I am still working to transcribe these documents. But what a great project!  A deed from 1755!

2014 Was an Awesome Year for Genealogy

I look back and I am amazed at all that I have found in 2014.

First, I found the Irish connection for my mother’s Cooney ancestors from Mullingar. Thomas and Bridget Cooney immigrated to America about 1862 with their two young sons.  I traveled to Ireland twice with my parents (1994 & 1999).  I had found cousins for my father, but my mother was upset because I could not find any cousins for her!  I didn’t give up, and it finally paid off this summer.  I had found a post for a Cooney from Curraghmore, County West Meath. I met with Tom  and we finally figured out that we are related! The reason I could not find them earlier – his family moved from Mullingar to Dublin about 1900!  So when I was researching in 1994 – nobody in the Family History Center knew about the Cooney family that moved to Dublin in 1900!  I would have not found the connection without being able to Google the family and where they used to live.

Second, I found a deed for a William Nevill from Mountmellick, Queens County (Laois).  I had the oral tradition, from the cousins in Ireland that our William Nevill had moved to Tullamore about 1798.  I found the “Irish Deeds Project” that is posted on Titter and Facebook.  I had a young woman from Tipperary go to Dublin to get a copy of the deed.  I attended the ACE genealogy class at UCC in July and then had time to do additional family research. I was able to go to the Quaker Library in Dublin and they gave me 76 entries for Nevill & Neville. In October I took my Irish Genealogy class in Salt Lake City.  Part of the class includes a 30 minute private session with the instructor.  I laid all of my documentation out and where I thought the families connected….then I asked, “What do you think?”  David replied, “It doesn’t get any better than this!”  In the documents that I had gotten from the Quaker Library were the marriage records for William Nevill of Mountmellick – the first marriage was in 1702 and after Elizabeth Pleadwell died William married a second time in 1719 to Anne Atkinson.  William would have been at least 21 at the time of his first marriage.  How did I figure out it was the same person?  He named his parents on both records!

Third, I was able to expand my husbands Mulvihill family.  I had found information while in Salt Lake City, but could not find the books, on-line or in America.  I was able to go to the County Kerry Library and get copies of the articles.   Timothy Mulvihill lived in Kilbaha South, County Kerry with his wife Johanna Connor and eight children.  Timothy and all eight children ended up in Kansas City by 1870.  Many of these Irish left very little information about their life in Ireland.  What fun to discover an article about the Mulvihill family from the time period that they lived there.

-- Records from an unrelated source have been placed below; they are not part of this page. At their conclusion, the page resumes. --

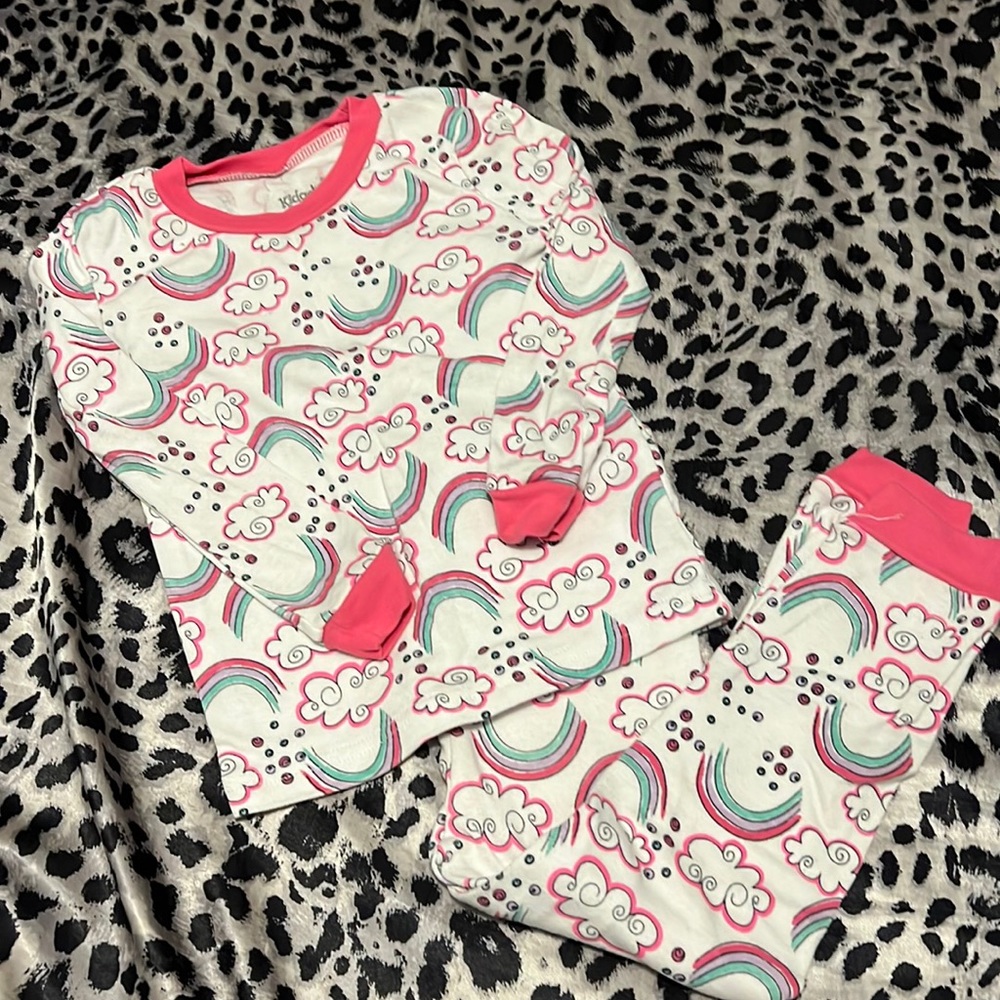 🆑FINAL PRICE‼️ Kidgets 3T clouds and rainbows pajamas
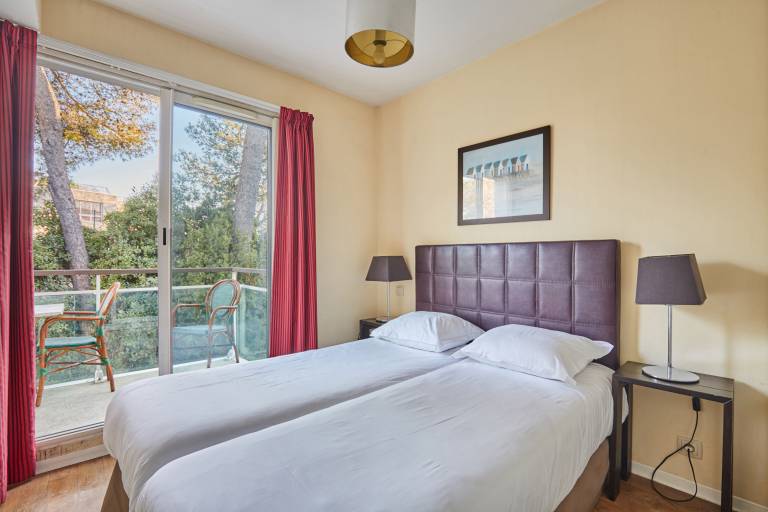 Condo with pool — photo 3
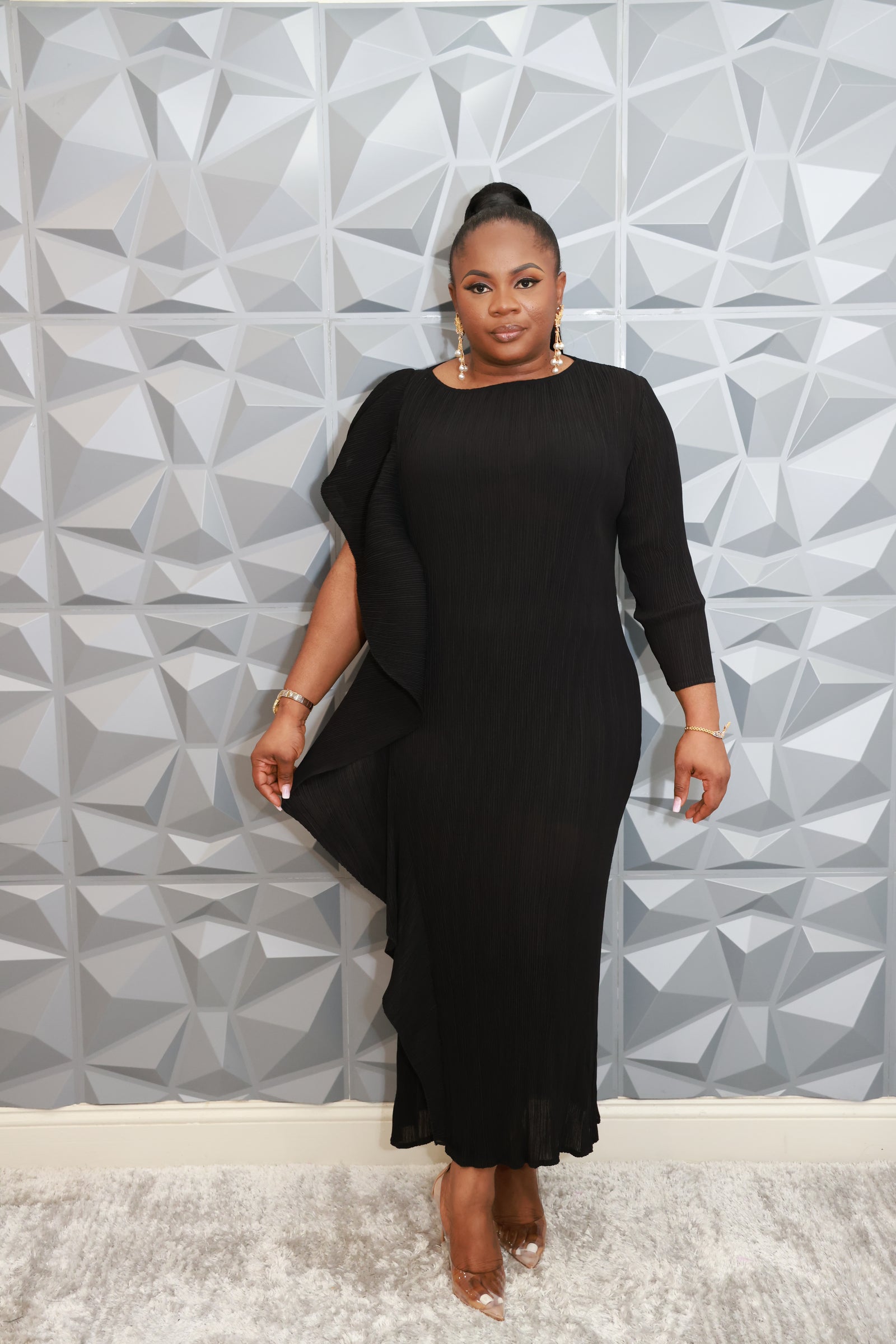 Majestic Wave Dress (Black)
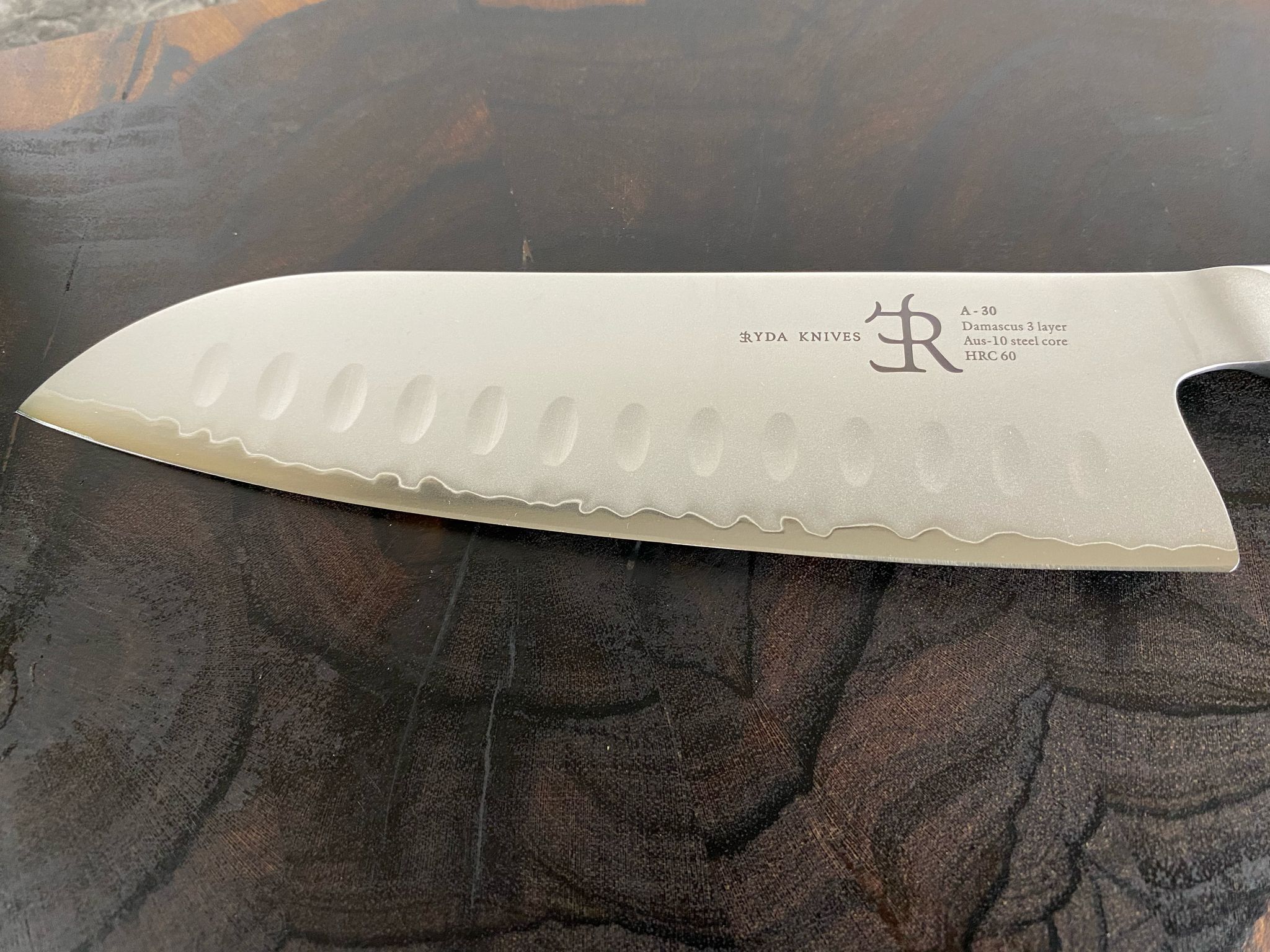 Santoku Messer der A-30 Serie | Küchenmesser von Ryda Knives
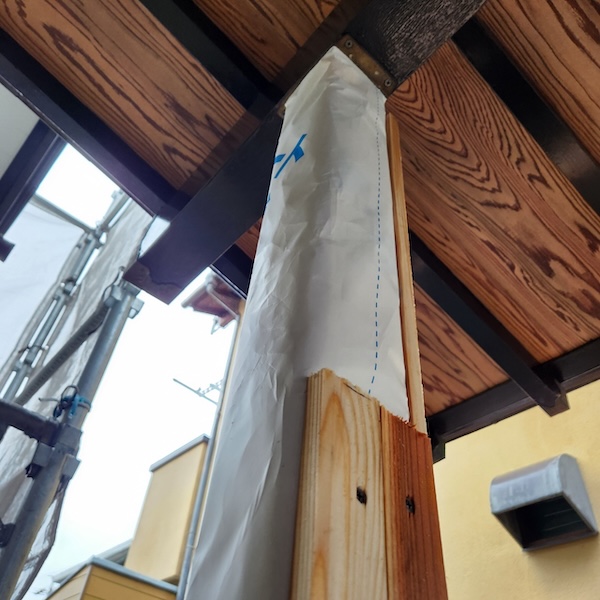 玄関前の既存柱 新規外壁材張り〜施工後をレポート！｜静岡県藤枝市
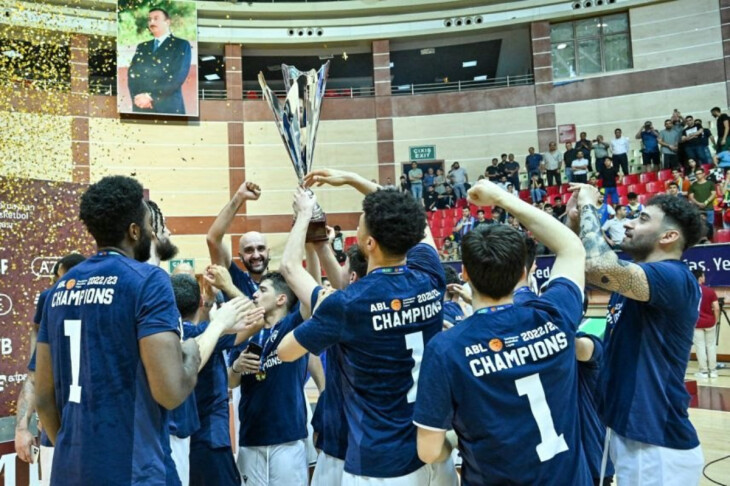 <p>BASKETBOL:Bir xal 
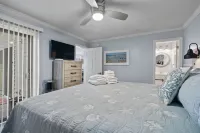 Gorgeous 2BD/2BA Condo... Location, Location.. Oceanfront - 25 steps to the sand
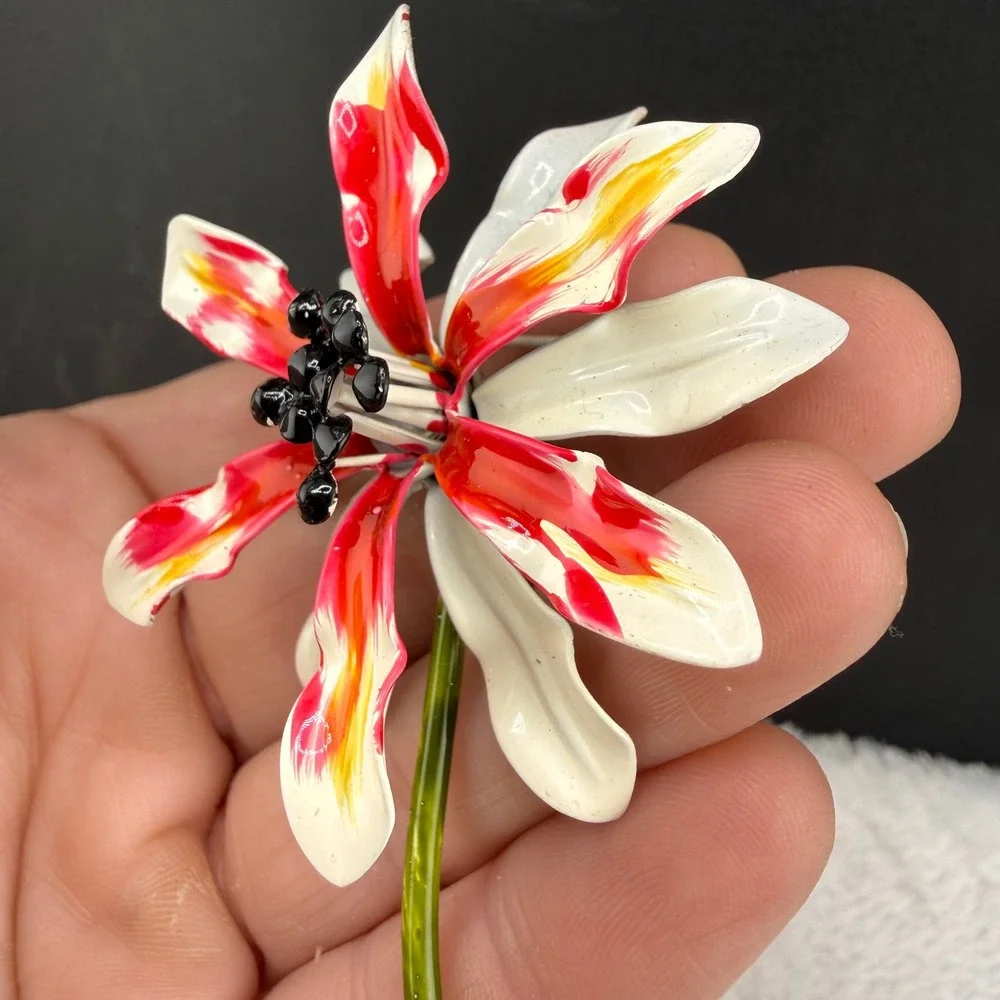 Vintage Enamel Flower Brooch Mod Pop Art White Red Big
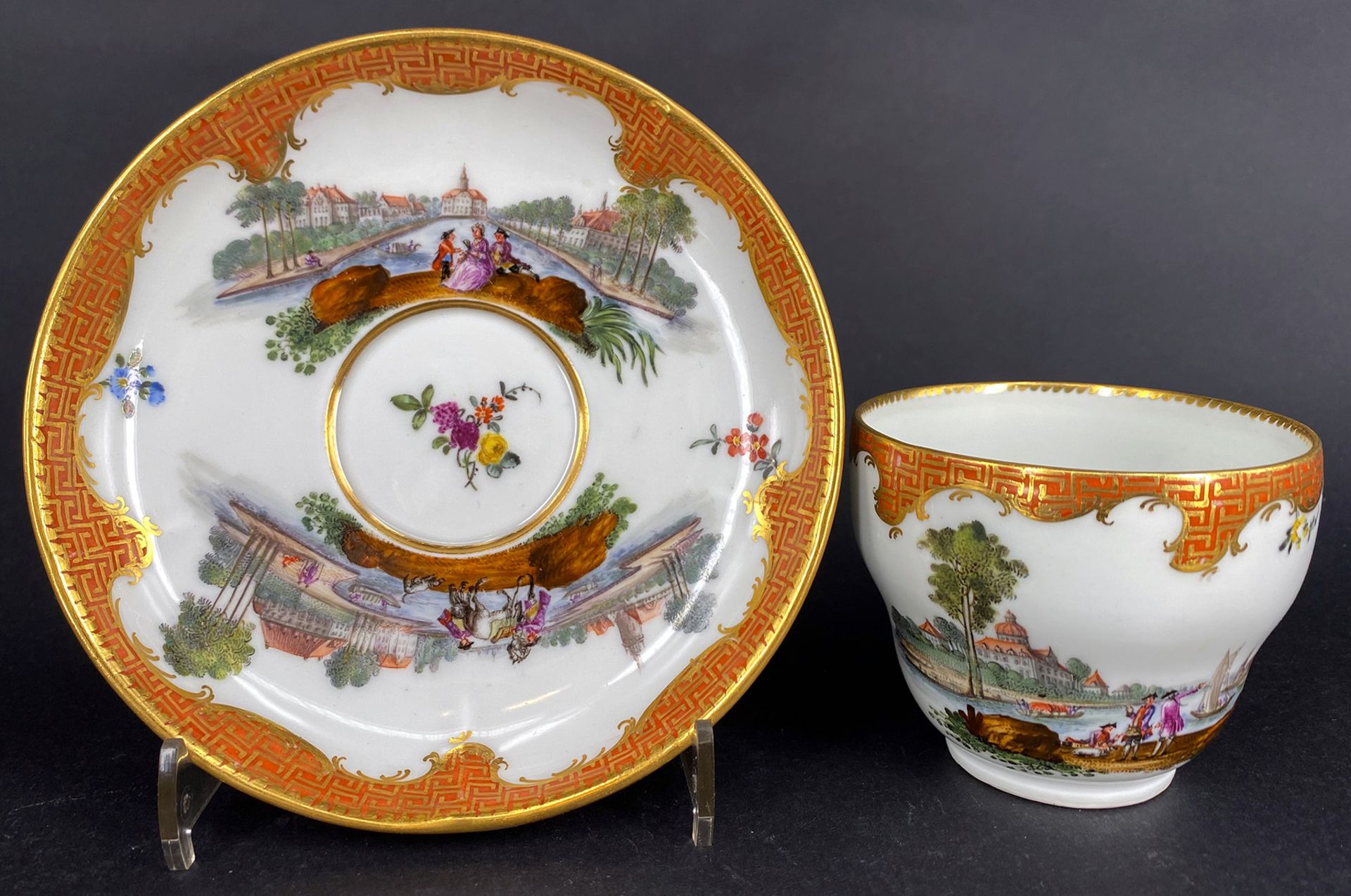 Meissen, Ziertasse mit Untertasse, feine polychrom gemalte Szenen mit galanten Figuren vor Stadt- - Image 4 of 7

So what will happen in 2015?  I have no idea, but I am excited and ready!  My wish for all working on their family history – I wish you a “Very Happy New Year”!

 

 

Can Genealogy be exciting after 40 years?

William Nevil's signature. William was born about 1680 in Ireland.

William Nevil’s signature. William was born about 1680 in Ireland.

2014 has been an amazing year!

When you work on a family for many years you think you have found everything.  I started asking questions about my family in 1962.  My grandmother was Mary Veronica Neville.  She was born in 1893 in York Nebraska and was the daughter of John Neville who was born in Lynally in Feb 1847.  John was left behind with an older brother Joseph Neville when their parents Abraham and Margaret Neville left for America in 1850.

My first trip to Ireland was in 1990 and we visited Tullamore, and that is where I found I had cousins still living west of the castle walls.  I have found this family in Griffiths Valuation, the Tithe Applotment Books and a 1802 Church of Ireland census for Lynally.  Matt Mooney told me the family had moved to Tullamore about 1798 from Mountmellick.

This summer I found a deed for William Nevill of Mountmellick.  The deed identified William as a ‘clothier’ and named his three sons: Henry, William and Joseph.  I discovered that they were Quakers and I visited the Quaker Library in Dublin.  William married Elizabeth Pleadwell in 1792 and after she died he married Anne Atkinson in 1719.  I take Irish genealogy class in Salt Lake City every fall.  I laid out the deed and where I thought my Neville family connected to William Nevill of Mountmellick.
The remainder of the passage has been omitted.